Sabah makamına gelir gelmez, bir daire amirini çağır. Sekreterin, efendim bize not bıraktı. İlçe sınırları içerisinde falan yere gitti derse, gelince yanıma gelsin deme. Nasıl gider benden habersiz, ben neyim burada?  Hemen gelsin de. Gelince de mesai saatleri içerisinde görev yerini niçin terk ettiğinin hesabını sor. Özür dilerim, bir daha olmaz demezse, savunmanı yaz gel de. O da tamam derse, çıktıktan sonra sekreterine geri çağırt. Bu defalık affettim. Bir daha olmasın de. 

Daire amirin yıllık iznini kullanmaya kalkarsa, noter gibi hemen tasdikleme. İzin için beni mi beklerdin lafı sokuştur. Bir daha izin almaya gelsin de göreyim. İznini yakar, yine gelmez huzuruna. 

Hasılı evlat, ormancı kadar değilsen de ilçende varlığını göster. Herkes nasıl bir kaymakam ile karşılaştığını bilsin. Kedinin ayaklarını ilk günden ayır. Terör estir. Deli doluluğunu pardon idealistliğini burada boşalt. Herkes fırsat buldukça senden konuşsun. Şanın yürüsün.
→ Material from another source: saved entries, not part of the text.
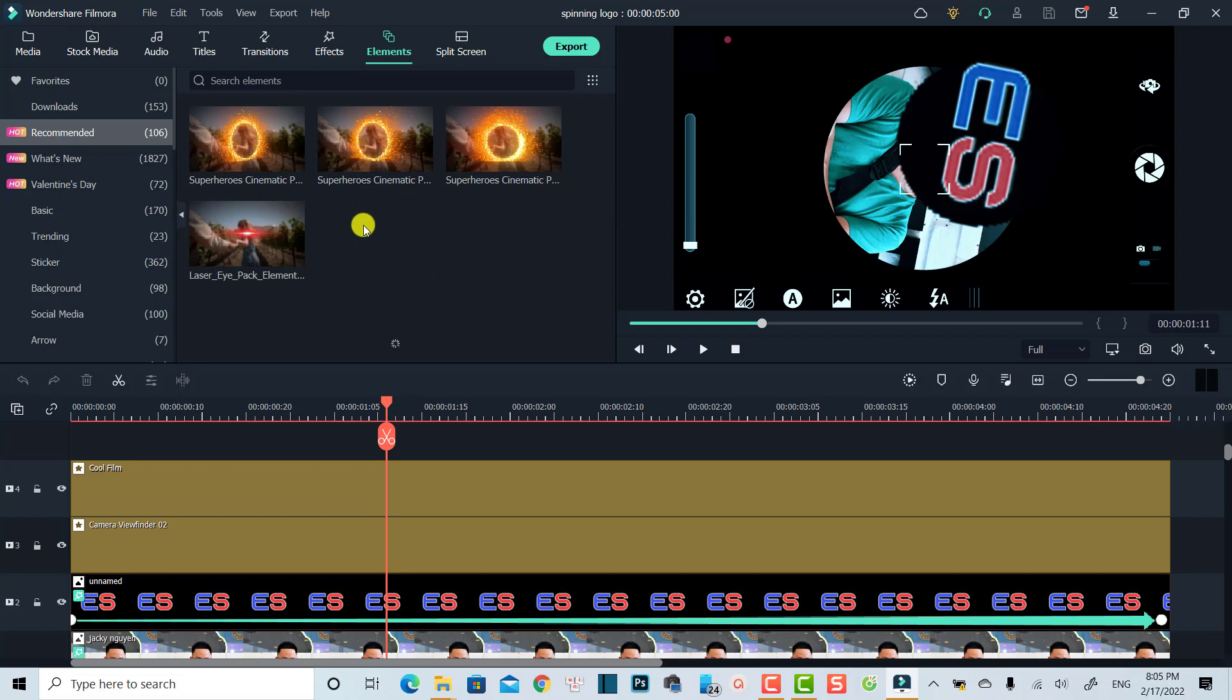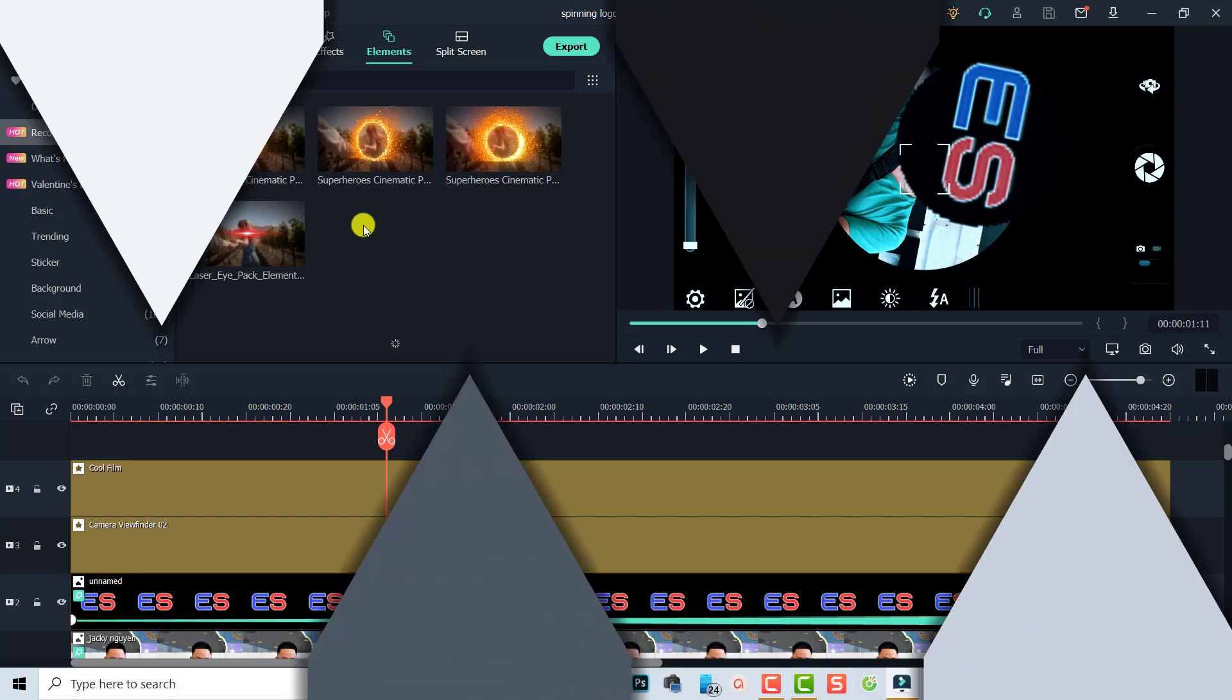So that's a quick tutorial on how to hide the paid effects in Filmora. I hope this tutorial is helpful for you. Thank you very much for watching, and if you have any more questions, let me know in the comment section below.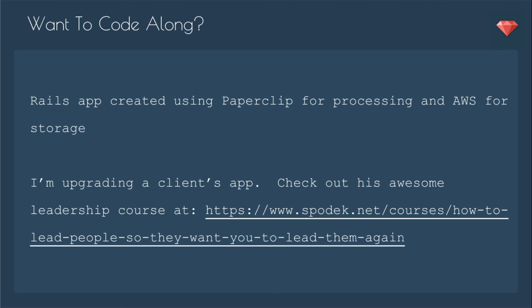If you want to code along, you'll need a Rails app created using Paperclip for processing and AWS for storage. I'm upgrading a client's app, I'll show you some examples from that. You can check out his awesome leadership course at this URL.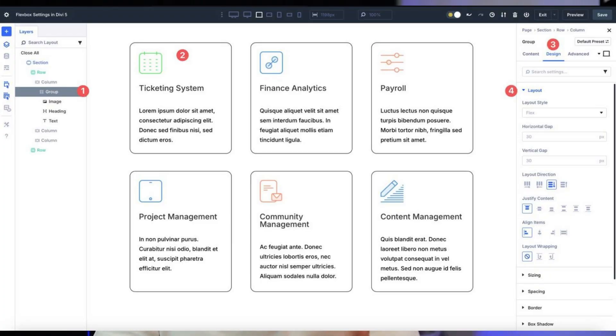Here is the cool part: Flexbox isn't just for sections or rows — you can apply it to module groups too. Inside a group module, tweak gap, layout direction, and all Flex settings to dynamically style content like blog posts or testimonials. This lets you create cohesive, perfectly aligned sections that adjust automatically, making your design look professional with zero extra effort.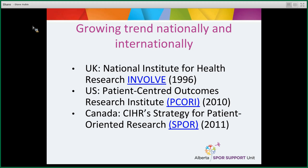In Canada we have CIHR's Strategy for Patient-Oriented Research. CIHR — the Canadian Institutes of Health Research — is the funding body for health research in Canada. Their strategy, which is what we at the Alberta SPOR Support Unit are part of, began in 2011. It aims to transform the role of patient from a passive receptor of services to a proactive partner who helps shape health research and, as a result, helps shape healthcare.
Egonu da böylece tatmin etmiş olursun. Ben de kaymakam babasıyım diye buralarda caka satar dururum. 23.09.2022

* 24/09/2022 tarihinde Barbaros ULU ismiyle Anadolu'da Bugün gazetesinde yayımlanmıştır. 

Ne Oldum Delisi Tipler

Kendisini mükemmel bir yaratılışta gören; akıl, zeka ve yaptıklarına kendisini inandırmış, hasbelkader bir makama gelen bazı zevat ile ilgili değerlendirmem: 

Kibir budalasıdır. 

Ne oldum delisidir. 

Kendisinden başka kimseye güvenmezler. 

Bir şeyin ve her şeyin en iyisini kendisinin yaptığını sanırlar. 

Devletin imkanlarını hoyratça kullanırlar. 
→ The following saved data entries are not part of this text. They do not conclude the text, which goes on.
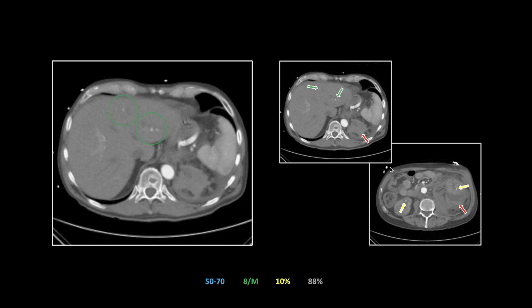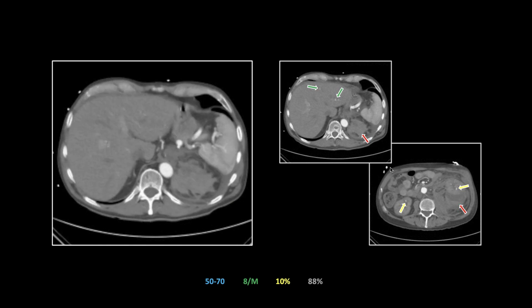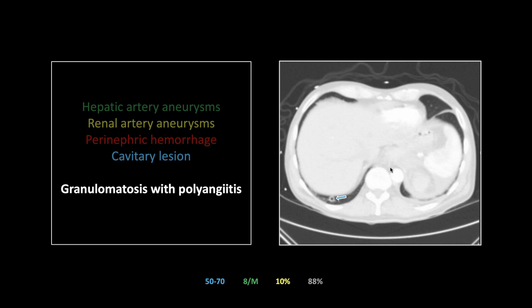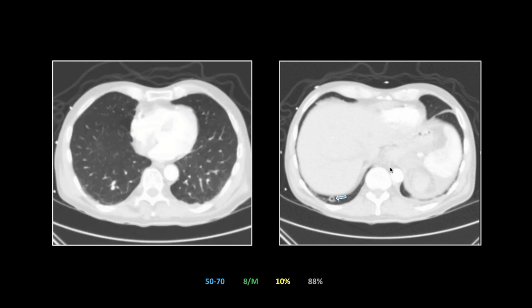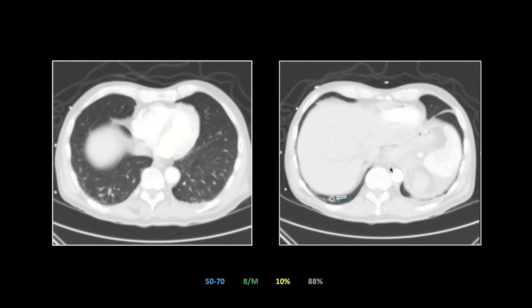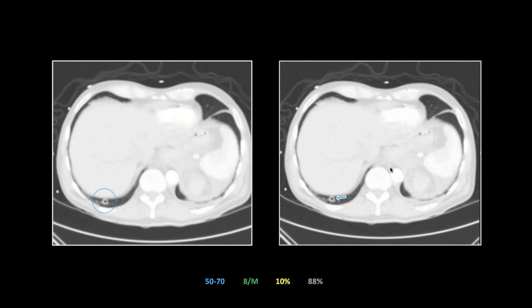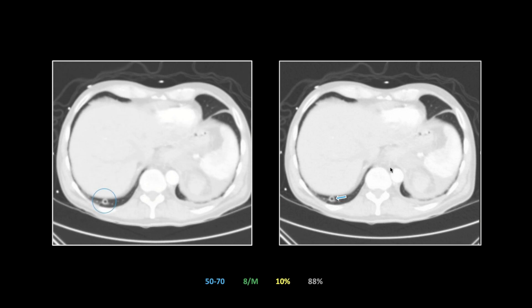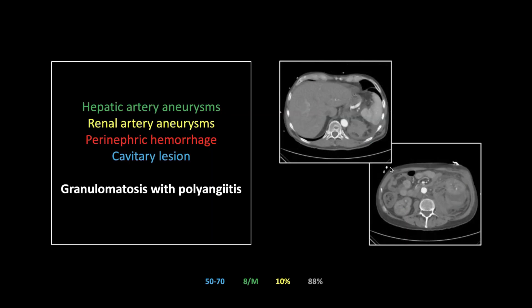Renal aneurysms can be associated with other things — IVDU, other vasculitides. The liver involvement is a bit unusual, but what seals the deal is a tiny cavitary lesion in the lowest portion of the visualized lung. A cavitary lesion combined with evidence of angiitis — that's going to be a case of Wegener's granulomatosis with polyangiitis.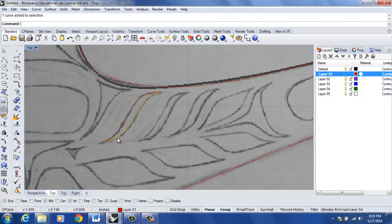I'm going to select both these curves, type join. Hopefully it creates a closed curve and it does.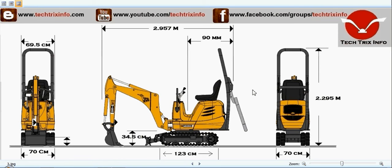The total height is nearly 2.3 meters, that is 2.295 meters, for this micro excavator. These machines are normally used in gardening works, mainly in electronic cities and in tech parks where IT companies are working. It is a very effective machine for such purposes.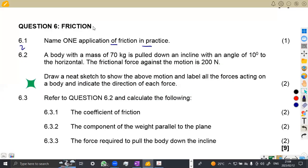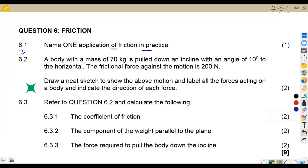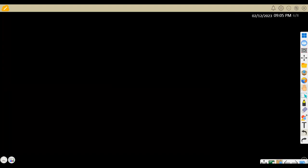So that's what we had on question 6.1. Then on question 6.2, we are given a body of mass 70 kg which is being pulled down an incline with an angle of 10 degrees to the horizontal. The friction force against the motion is 200 newton. We are asked to draw a neat sketch showing the above motion and label all the forces acting on the body, indicating the direction of each force. That's two marks.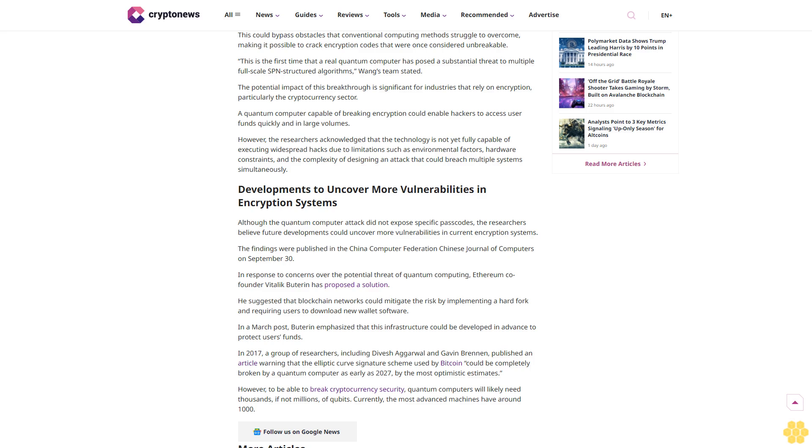Although the quantum computer attack did not expose specific passcodes, the researchers believe future developments could uncover more vulnerabilities in current encryption systems. The findings were published in the China Computer Federation Chinese Journal of Computers on September 30th.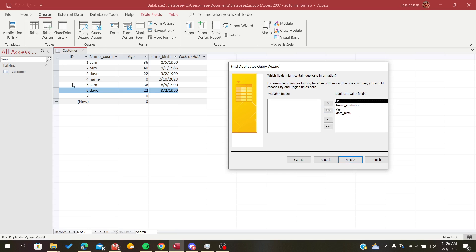But I have here the ID that is an auto number which cannot be duplicated here, so I'm going to exclude it. I'm going to click on Next.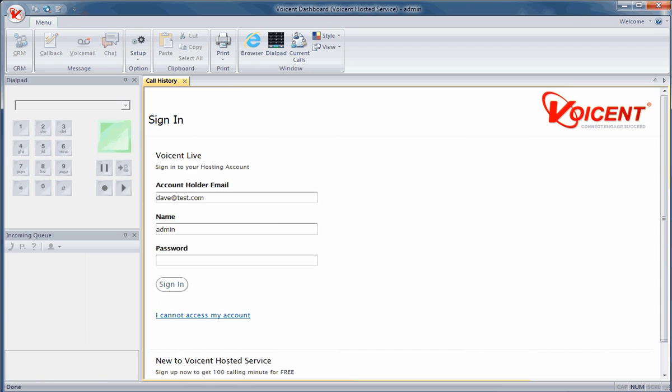To sign in, enter in the account holder's email address and agent name. Admin is a default name that you can always use to sign in. Enter in your agent password. If you use admin, then the password will be the same as your main VoiceNlive account.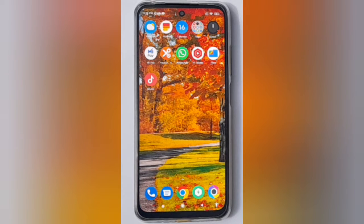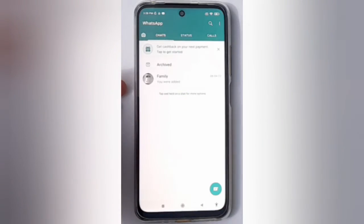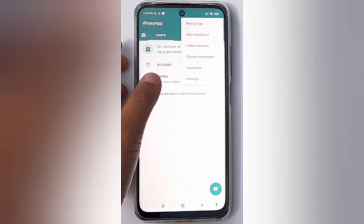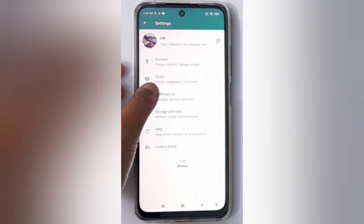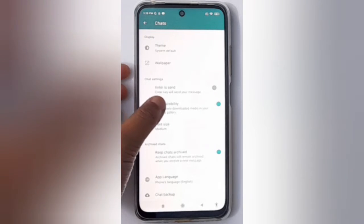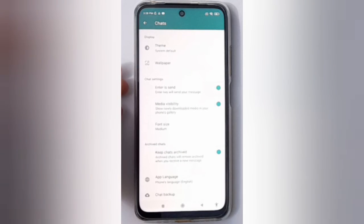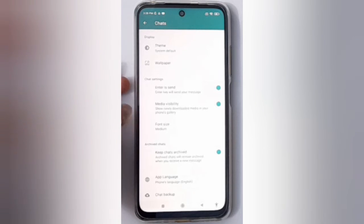Let's start the video. First, open WhatsApp, then tap the three dots on the side. Click on Settings, then tap Chat. Here you'll find the Enter to Send option. If you want to turn it on, just click on this icon and it will be set on — the Enter to Send feature will be turned on.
Başkasının eksik ve yanlışını bulmak için azami gayret gösterirler. Buldular mı egoları tavan yapar. Sevinçlerine diyecek yoktur. 
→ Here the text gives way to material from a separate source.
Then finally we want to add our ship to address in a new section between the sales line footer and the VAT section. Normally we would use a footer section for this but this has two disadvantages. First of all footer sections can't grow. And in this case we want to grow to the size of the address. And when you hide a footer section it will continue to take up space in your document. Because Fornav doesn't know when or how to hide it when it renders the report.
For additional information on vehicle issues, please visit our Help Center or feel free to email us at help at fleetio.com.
Olur olmaz her şeye karışırlar. Yani burunlarını sokarlar. Buna her şeye maydanoz olma diyoruz. 

Sabırsızdırlar. Büyük bir ihtimalle dokuz aylık değildirler. 

Kendilerini bulunmaz Hint kumaşı ve Allah vergisi görürler.

Dediğim dedikçidirler. Dedikleri aynı anda olmazsa ve yapılmazsa kıyameti koparırlar. Dedikleri amasız, fakatsız yerine getirilecektir. Nasıl ki ağanın p.kunun üzerine p.k yapılmazsa bunların lafının üzerine laf konmaz. Koymaya kalkan olursa da had bildirilir. 

Günde dört mevsim yaşarlar. Bir bakarsın şeker gibi az sonra terör estiren bir terörist olabiliyorlar. İçindeki fırtına dışa vuruveriyor. 

Makamdan aldıkları güçle egolarını tatmin ederler. 

Kolay kolay kimseyle geçinemezler. Evlilik yapamazlar. Evlenirlerse de geçinemezler. 

Başkasına güvensizliğin temelinde çocukluğunda yaşadıkları en büyük etkendir. 

Geçmişte her türlü halta imza attıkları, tüm kaçak yolları bildikleri için karşısındaki herkesi öyle bilirler. 

Aşırı kincidirler. Gücü yetiyorsa kendileri kelle alır, gücü yetmiyorsa başkalarının eliyle sonuca giderler.

Soruşturma hastasıdırlar. Soruşturmayı her şeyin ilacı bilirler.

Makama güç katsın verdikleri gücü makamlarına alarak Çingene beyliği yapmaktan büyük zevk alırlar.

Bir Allah var bir de kendileri. Dünyanın kendi etrafında döndüğüne inanırlar.

Elindeki imkanları güce dönüştürürken gücünün yetmediklerine de bir secdeye kapanmadıkları kalır.